Testimonianze di chi visse quell’orrore, da diari di soldati e ufficiali inviati in guerra dall'italia per occupare (Ciampi direbbe "liberare") il sud-tirolo:


1/12/1915: …Fino che eravamo al masatorio in prima linea, in rischio di farci macelare ogni minuto, ci trattavano (i superiori) un po' meglio, perché avevano paura di noi e quando si fa per avanzare cridavano avanti, avanti altrimenti vi sparo...".
14/3/1916: ... se sapessi quante barbarie, che modi di aggire, che buone maniere verso i soldati! Come i padri che educano i figli siamo presi a schiaffi e calci, ma se Iddio mi da vita a farmi arrivare in Italia saprò io…
"I discorsi dei fanti non sono allegri. E oggi parlavano sul tema: fucilazioni. Che è il più lugubre. Che c'è di vero nei racconti delle iniquità e delle ingiustizie senza nome attribuite ai tribunali militari? Serrentino racconta di come fu mandato a morire sotto il fuoco nemico un aspirante di diciannove anni, arrivato da tre ore in trincea, i cui uomini si erano sbandati davanti alle mitragliatrici austriache. Ma il fatto più atroce è un altro. Presso un reggimento di fanteria, avviene un'insurrezione. Si tirano dei colpi di fucile, si grida non vogliamo andare in trincea.Il colonnello ordina un'inchiesta, ma i colpevoli non sono scoperti. Allora comanda che siano estratti a sorte dieci uomini; e siano fucilati. Sennonché, i fatti erano avvenuti il 28 del mese, e il giudizio era pronunciato il 30. Il 29 del mese erano arrivati i " complementi", inviati a colmare i vuoti prodotti dalle battaglie già sostenute: 30 uomini per ciascuna compagnia. Si domanda al colonnello: "Dobbiamo imbussolare anche i nomi dei complementi? Essi non possono aver preso parte al tumulto del 28: sono arrivati il 29 ". Il colonnello risponde:." Imbussolate tutti i nomi". Così avviene che, su dieci uomini da fucilare, due degli estratti sono complementi arrivati il 29. All'ora della fucilazione la scena è feroce. Uno dei due complementi, entrambi di classi anziane, è svenuto.
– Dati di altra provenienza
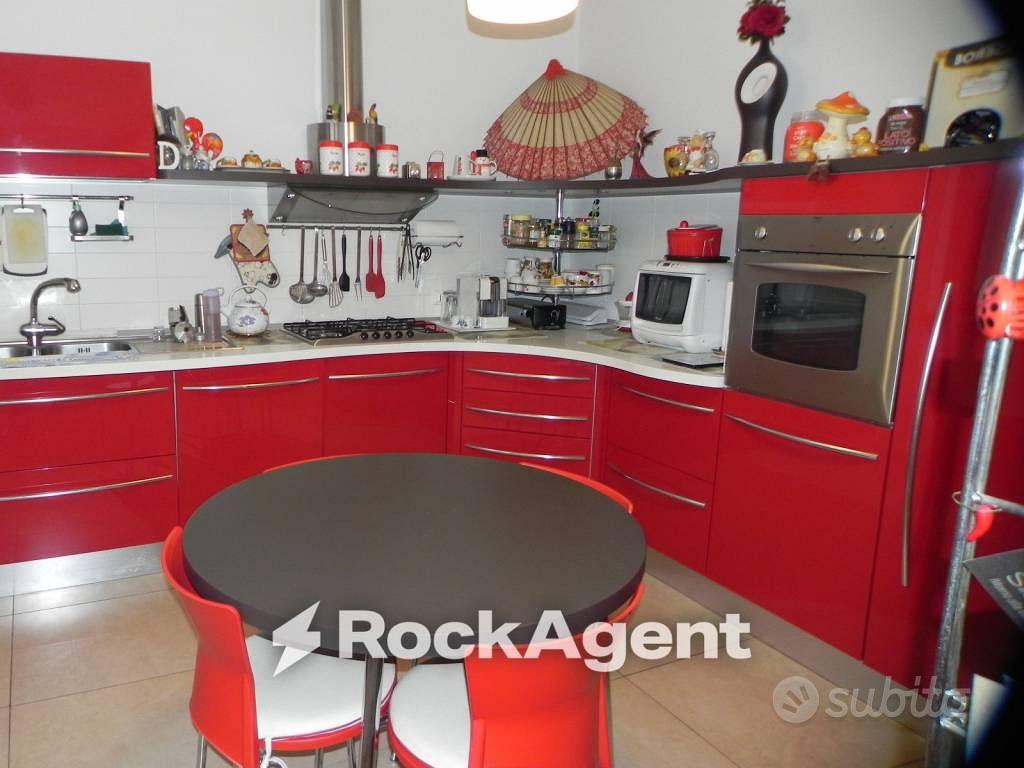 Appartamento – Montecarotto - Vista 2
Ma l'altro, bendato, cerca col viso da che parte sia il comandante del reggimento, chiamando a gran voce: "Signor colonnello! signor colonnello! ". Si fa un silenzio di tomba. Il colonnello deve rispondere. Risponde: "Che c'è figliuolo? ". " Signor colonnello! " grida l'uomo bendato "io sono della classe del '75.Io sono padre di famiglia. Io il giorno 28 non c'ero. In nome di Dio! ". "Figliuolo" risponde paterno il colonnello "io non posso cercare tutti quelli che c'erano e che non c'erano. La nostra giustizia fa quello che può. Se tu sei innocente, Dio te ne terrà conto. Confida in Dio".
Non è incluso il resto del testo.